The harbour-side precinct is now home to the International Convention Centre Sydney (ICC Sydney), comprising three exceptional new venues designed by joint venture HASSELL + Populous. Working closely with clients Infrastructure NSW and Lendlease, HASSELL developed the urban design framework and designed the public realm for the entire 20-hectare precinct including reinvigorated parklands, plazas and event spaces, with better pedestrian, cycle and public transport connections for this previously disconnected part of central Sydney.
The client envisioned a high-quality, open and flexible public realm that enabled a wide variety of casual and programmed uses. A place full of great spaces that heighten the experience of visitors to the venues, while presenting as attractions in their own right – and inspiring repeat visits.
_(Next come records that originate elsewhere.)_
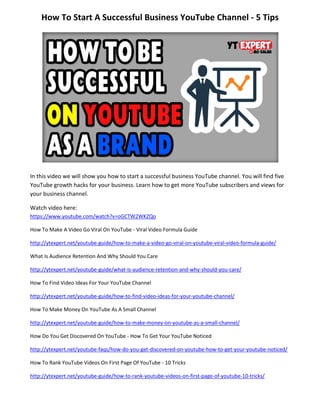 How To Start A Successful Business YouTube Channel - 5 Tips
In this video we will show you how to start a successful business YouTube channel. You will find five
YouTube growth hacks for your business. Learn how to get more YouTube subscribers and views for
your business channel.
Watch video here:
https://www.youtube.com/watch?v=oGCTW2WKZQo
How To Make A Video Go Viral On YouTube - Viral Video Formula Guide
http://ytexpert.net/youtube-guide/how-to-make-a-video-go-viral-on-youtube-viral-video-formula-guide/
What Is Audience Retention And Why Should You Care
http://ytexpert.net/youtube-guide/what-is-audience-retention-and-why-should-you-care/
How To Find Video Ideas For Your YouTube Channel
http://ytexpert.net/youtube-guide/how-to-find-video-ideas-for-your-youtube-channel/
How To Make Money On YouTube As A Small Channel
http://ytexpert.net/youtube-guide/how-to-make-money-on-youtube-as-a-small-channel/
How Do You Get Discovered On YouTube - How To Get Your YouTube Noticed
http://ytexpert.net/youtube-faqs/how-do-you-get-discovered-on-youtube-how-to-get-your-youtube-noticed/
How To Rank YouTube Videos On First Page Of YouTube - 10 Tricks
http://ytexpert.net/youtube-guide/how-to-rank-youtube-videos-on-first-page-of-youtube-10-tricks/
 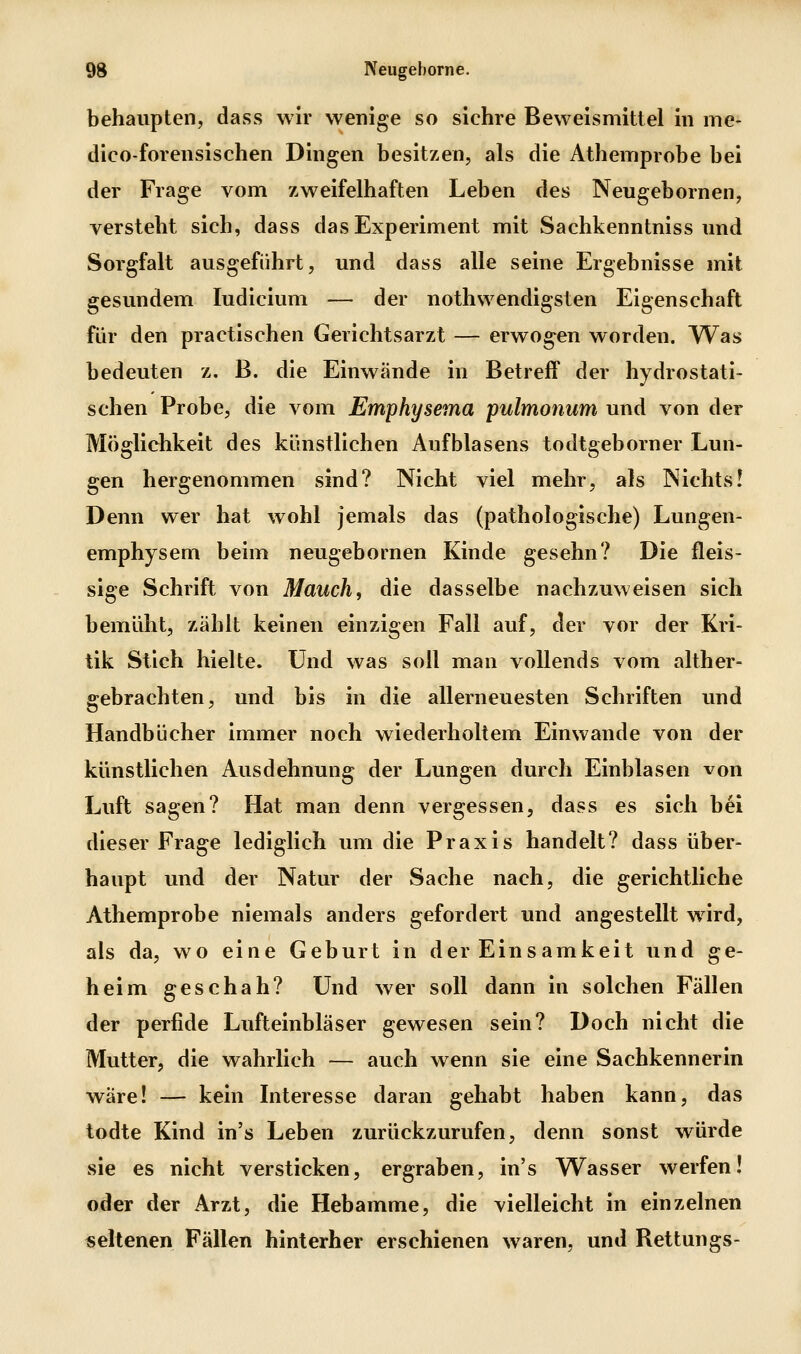 behaupten, dass wir wenige so sichre Beweismittel in me- dico-forensischen Dingen besitzen, als die Athemprobe bei der Frage vom zweifelhaften Leben des Neugebornen, versteht sich, dass das Experiment mit Sachkenntnissund Sorgfalt ausgeführt, und dass alle seine Ergebnisse mit gesundem ludicium — der nothwendigsten Eigenschaft für den practischen Gerichtsarzt — erwogen worden. Was bedeuten z, B. die Einwände in Betreff der hydrostati- schen Probe, die vom Emphysema pulmonum und von der Möglichkeit des künstlichen Aufblasens todtgeborner Lun- gen hergenommen sind? Nicht viel mehr, als Nichts! Denn wer hat wohl jemals das (pathologische) Lungen- emphysem beim neugebornen Kinde gesehn? Die fleis- sige Schrift von Mauch, die dasselbe nachzuweisen sich bemüht, zählt keinen einzigen Fall auf, der vor der Kri- tik Stich hielte, und was soll man vollends vom alther- gebrachten, und bis in die allerneuesten Schriften und Handbücher immer noch wiederholtem Einwände von der künstlichen Ausdehnung der Lungen durch Einblasen von Luft sagen? Hat man denn vergessen, dass es sich bei dieser Frage lediglich um die Praxis handelt? dass über- haupt und der Natur der Sache nach, die gerichtliche Athemprobe niemals anders gefordert und angestellt wird, als da, wo eine Geburt in der Einsamkeit und ge- heim geschah? Und wer soll dann in solchen Fällen der perfide Lufteinbläser gewesen sein? Doch nicht die Mutter, die wahrlich — auch wenn sie eine Sachkennerin wäre! — kein Interesse daran gehabt haben kann, das todte Kind in's Leben zurückzurufen, denn sonst würde sie es nicht versticken, ergraben, in's Wasser werfen! oiler der Arzt, die Hebamme, die vielleicht in einzelnen «eltenen Fällen hinterher erschienen waren, und Rettungs-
An integrated approach amplifies the spaces and experiences
We collaborated closely across all project disciplines, and engaged with stakeholders and community representatives, throughout the project’s iterative design process. This approach enabled an elegant design that integrates the public landscape and customised artworks with the architecture, maximising the public open space, cultural features, connectivity and views.
All three ICC Sydney buildings are united through their continuous landscape base, terraces and materials. The landscape blends seamlessly with the surrounds and encourages permeability of the wider area. In particular, it integrates with the ICC Exhibition building façade, delivering a terraced landscape, elevated event deck and expansive grassland green roof, connected by pathways and platforms that overlook the precinct.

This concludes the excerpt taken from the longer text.